令和2年度外務大臣表彰を受章したメアリー・キタガワさんへの伝達式が9月17日、在バンクーバー日本国総領事公邸で開かれた。
活動家として知られる日系二世のキタガワさんは、日本とカナダの相互理解の促進に寄与した功績により昨年12月に同表彰を受章。コロナ禍により延期された伝達式は感染対策を施した形で実施され、キタガワさんの親族を中心に約30人が出席した。
日系カナダ人のための活動
冒頭で挨拶した羽鳥隆総領事は「キタガワさんはお母さんから、傍観者にならずに意見を言うことの大切さを教えられたそうです。約70年前には難しかったことと思います」と述べた上で、キタガワさんの活動内容を紹介した。
キタガワさんは、2006年にバンクーバーダウンタウンの連邦政府の建物に反アジア派として知られる政治家ハワード・グリーンの名前が付けられると聞き、反対運動を起こした。

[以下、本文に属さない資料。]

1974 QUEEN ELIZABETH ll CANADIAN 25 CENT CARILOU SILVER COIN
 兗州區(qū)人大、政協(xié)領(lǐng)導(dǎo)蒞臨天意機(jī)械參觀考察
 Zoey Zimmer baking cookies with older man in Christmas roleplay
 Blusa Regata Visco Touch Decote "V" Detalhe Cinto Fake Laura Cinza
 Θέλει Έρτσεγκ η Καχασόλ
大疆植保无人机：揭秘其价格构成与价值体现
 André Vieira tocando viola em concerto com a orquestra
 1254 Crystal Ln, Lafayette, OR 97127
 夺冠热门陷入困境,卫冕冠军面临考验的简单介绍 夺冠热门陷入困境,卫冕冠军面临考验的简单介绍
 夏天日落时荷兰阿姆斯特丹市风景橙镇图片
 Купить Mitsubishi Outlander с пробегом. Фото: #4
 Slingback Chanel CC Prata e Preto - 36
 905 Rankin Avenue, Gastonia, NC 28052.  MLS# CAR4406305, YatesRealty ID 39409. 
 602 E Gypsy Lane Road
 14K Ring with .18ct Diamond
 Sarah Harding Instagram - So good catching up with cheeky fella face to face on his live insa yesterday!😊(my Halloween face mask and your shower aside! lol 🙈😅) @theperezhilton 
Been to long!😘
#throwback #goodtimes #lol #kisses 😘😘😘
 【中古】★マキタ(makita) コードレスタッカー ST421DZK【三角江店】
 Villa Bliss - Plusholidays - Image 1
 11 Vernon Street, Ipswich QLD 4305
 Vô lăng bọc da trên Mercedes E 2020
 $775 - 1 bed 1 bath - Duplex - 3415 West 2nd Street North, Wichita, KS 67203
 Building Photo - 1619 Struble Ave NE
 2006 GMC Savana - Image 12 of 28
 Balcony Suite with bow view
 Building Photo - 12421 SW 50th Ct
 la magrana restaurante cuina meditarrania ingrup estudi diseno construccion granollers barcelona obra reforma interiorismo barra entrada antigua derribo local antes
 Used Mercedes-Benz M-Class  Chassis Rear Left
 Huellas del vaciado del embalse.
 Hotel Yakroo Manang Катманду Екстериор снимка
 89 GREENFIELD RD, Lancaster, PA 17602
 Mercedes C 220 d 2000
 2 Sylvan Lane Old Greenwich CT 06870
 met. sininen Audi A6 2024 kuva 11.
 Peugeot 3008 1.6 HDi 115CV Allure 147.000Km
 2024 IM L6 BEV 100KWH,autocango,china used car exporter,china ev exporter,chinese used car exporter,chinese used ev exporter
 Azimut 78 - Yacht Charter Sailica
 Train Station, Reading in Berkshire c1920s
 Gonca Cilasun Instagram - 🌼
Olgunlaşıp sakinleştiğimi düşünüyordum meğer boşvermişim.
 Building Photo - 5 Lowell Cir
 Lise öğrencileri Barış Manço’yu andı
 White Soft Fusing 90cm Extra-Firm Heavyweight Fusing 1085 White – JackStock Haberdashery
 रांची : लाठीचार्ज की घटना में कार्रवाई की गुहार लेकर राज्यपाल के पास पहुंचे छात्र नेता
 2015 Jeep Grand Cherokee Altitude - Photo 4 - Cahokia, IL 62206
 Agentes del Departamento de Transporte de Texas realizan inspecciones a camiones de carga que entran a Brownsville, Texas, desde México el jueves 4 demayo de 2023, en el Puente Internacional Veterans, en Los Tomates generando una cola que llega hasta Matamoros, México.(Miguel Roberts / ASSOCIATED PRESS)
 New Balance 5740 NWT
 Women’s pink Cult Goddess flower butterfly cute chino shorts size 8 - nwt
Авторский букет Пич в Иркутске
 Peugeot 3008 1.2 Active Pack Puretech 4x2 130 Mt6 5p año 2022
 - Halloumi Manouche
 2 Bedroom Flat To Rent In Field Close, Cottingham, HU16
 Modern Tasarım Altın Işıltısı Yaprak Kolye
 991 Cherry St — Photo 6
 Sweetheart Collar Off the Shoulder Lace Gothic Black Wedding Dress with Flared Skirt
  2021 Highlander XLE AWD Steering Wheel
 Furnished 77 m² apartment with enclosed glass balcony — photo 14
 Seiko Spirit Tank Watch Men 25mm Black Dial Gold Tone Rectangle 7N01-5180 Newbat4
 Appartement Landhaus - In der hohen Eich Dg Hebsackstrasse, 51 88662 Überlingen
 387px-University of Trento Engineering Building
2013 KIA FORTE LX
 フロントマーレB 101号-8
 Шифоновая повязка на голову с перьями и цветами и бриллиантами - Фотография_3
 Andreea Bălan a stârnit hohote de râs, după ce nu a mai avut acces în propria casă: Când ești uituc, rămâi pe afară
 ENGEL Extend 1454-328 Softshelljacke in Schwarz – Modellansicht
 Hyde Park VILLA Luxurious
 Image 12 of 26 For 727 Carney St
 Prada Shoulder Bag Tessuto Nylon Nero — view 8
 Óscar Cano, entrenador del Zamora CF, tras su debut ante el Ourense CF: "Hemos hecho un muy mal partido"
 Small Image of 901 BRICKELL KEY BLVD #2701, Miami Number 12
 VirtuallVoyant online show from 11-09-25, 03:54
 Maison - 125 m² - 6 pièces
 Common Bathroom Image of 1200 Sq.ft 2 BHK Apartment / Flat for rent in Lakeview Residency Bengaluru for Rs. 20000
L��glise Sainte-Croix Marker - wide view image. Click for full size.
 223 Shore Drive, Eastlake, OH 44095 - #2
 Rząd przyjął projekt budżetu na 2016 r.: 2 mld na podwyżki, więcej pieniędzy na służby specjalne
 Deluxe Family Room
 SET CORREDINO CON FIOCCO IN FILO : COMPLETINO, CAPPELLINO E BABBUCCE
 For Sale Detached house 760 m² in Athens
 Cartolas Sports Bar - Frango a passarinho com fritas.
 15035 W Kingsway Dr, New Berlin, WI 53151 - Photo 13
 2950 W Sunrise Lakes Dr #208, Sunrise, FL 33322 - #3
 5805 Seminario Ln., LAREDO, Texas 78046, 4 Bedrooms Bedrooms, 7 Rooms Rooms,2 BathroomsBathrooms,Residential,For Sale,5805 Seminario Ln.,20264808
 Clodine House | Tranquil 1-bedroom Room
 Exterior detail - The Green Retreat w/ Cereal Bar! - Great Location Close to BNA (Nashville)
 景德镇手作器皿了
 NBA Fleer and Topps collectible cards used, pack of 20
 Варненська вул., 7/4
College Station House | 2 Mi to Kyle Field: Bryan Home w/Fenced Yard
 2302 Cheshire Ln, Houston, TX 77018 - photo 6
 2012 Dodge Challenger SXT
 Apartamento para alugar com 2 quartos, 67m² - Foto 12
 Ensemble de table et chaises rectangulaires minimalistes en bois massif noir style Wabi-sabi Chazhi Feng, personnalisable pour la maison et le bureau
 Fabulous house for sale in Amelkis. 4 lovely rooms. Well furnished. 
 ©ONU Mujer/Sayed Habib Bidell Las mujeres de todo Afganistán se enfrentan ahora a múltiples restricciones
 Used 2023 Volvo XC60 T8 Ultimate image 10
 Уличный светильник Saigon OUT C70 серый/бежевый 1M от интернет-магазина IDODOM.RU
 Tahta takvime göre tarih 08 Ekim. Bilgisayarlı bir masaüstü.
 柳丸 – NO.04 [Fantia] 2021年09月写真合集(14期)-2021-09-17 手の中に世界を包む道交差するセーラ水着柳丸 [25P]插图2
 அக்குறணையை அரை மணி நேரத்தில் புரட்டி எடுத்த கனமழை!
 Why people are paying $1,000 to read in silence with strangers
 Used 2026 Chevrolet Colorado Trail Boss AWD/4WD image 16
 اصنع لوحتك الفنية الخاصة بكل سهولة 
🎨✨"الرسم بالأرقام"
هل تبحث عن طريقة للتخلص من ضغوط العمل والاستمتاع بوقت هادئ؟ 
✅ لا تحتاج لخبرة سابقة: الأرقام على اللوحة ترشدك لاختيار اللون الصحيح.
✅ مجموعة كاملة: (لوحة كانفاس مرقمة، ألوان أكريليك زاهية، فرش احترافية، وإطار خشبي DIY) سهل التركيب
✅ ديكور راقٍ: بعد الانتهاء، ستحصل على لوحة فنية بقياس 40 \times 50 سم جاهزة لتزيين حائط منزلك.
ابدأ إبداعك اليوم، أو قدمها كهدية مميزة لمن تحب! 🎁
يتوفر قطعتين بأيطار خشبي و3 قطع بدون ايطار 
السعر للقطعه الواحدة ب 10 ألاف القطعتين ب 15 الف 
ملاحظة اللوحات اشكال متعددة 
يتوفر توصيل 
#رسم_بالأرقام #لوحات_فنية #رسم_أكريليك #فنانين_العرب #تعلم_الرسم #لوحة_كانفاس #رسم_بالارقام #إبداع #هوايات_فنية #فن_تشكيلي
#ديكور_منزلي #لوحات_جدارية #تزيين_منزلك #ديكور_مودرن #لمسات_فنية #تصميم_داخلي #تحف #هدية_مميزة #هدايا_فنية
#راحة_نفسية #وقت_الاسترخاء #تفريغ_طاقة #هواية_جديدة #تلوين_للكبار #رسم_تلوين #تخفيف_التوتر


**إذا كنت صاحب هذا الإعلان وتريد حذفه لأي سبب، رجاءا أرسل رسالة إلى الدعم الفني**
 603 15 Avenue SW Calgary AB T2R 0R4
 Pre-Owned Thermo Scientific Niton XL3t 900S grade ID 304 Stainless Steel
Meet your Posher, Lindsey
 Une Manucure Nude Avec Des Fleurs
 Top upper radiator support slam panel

その結果、この建物の名称は連邦政府初のアジア系議員であるダグラス・ジャングに変更された。
また、第二次世界大戦中、カナダ政府による強制移動政策によってブリティッシュ・コロンビア大学(UBC)を追われた元日系人学生へ学位を授与するよう大学側に働きかけた。4年後の2012年、UBCは76人に名誉学位を授与。歴史に残る出来事として国内外で報道された。
アジア系カナダ人の歴史
出席者全員をひとりずつ紹介したキタガワさんは、羽鳥総領事および総領事館職員に感謝の言葉を述べた。その中には、UBCアンバサダーのウェンディー・イップさん、日系文化センター・博物館理事長ハーブ・オノさん、同事務局長ケーラ・後新門フォスターさんの姿もあった。
全カナダ日系人協会会長のロリーン・オイカワさんからの祝辞が読み上げられたあと、UBCのセント・ジョンズ・カレッジで歴史を教えるヘンリー・ユー博士が「UBCではキタガワさんの活動を元に、ローラ・イシグロ教授がアジア系カナダ人の歴史と移民学を教えています」と述べ、キタガワさんの貢献は日系カナダ人の遺産であると称えた。
メアリー・ケイコ・キタガワ
1934年、ブリティッシュ・コロンビア州ソルト・スプリング島生まれ。日系2世の教師・活動家。グレーター・バンクーバー日系カナダ市民協会会員。夫はトッシュ・キタガワさん。2018年にブリティッシュ・コロンビア勲章、2020年に外務大臣表彰受章。